● Recorded information:
Content starts

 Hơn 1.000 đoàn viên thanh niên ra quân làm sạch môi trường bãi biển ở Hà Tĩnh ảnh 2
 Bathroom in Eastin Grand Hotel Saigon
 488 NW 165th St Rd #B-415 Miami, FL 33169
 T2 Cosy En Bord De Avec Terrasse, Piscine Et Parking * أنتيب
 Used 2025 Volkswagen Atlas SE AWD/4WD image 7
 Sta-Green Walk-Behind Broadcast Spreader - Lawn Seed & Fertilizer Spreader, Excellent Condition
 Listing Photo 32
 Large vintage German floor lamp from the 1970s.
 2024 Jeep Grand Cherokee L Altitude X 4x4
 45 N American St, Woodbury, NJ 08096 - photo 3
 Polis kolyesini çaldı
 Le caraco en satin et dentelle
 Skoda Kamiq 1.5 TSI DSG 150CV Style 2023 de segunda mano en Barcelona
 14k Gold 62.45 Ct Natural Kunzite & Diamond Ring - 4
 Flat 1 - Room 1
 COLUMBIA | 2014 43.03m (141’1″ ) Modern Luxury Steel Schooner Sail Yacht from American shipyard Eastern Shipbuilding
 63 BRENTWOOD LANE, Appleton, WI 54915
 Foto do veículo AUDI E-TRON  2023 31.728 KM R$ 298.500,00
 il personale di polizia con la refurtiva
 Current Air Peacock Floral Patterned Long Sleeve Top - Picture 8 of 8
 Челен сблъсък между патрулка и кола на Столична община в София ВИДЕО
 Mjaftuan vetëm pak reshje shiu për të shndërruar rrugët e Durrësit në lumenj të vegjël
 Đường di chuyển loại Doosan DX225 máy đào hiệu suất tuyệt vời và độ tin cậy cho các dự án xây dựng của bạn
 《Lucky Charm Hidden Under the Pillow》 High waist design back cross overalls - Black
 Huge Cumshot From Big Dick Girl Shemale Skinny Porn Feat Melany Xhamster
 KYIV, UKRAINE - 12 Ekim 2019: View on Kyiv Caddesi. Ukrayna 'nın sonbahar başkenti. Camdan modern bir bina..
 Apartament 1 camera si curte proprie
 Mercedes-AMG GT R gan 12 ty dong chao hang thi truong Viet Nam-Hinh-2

Content ends

● Work to be completed:
Using only the entries above, output the line with "14k Gold 62.45", the line with "il personale di polizia con la refurtiva", and all lines between them, exactly as they stand.

● Your response:
 14k Gold 62.45 Ct Natural Kunzite & Diamond Ring - 4
 Flat 1 - Room 1
 COLUMBIA | 2014 43.03m (141’1″ ) Modern Luxury Steel Schooner Sail Yacht from American shipyard Eastern Shipbuilding
 63 BRENTWOOD LANE, Appleton, WI 54915
 Foto do veículo AUDI E-TRON  2023 31.728 KM R$ 298.500,00
 il personale di polizia con la refurtiva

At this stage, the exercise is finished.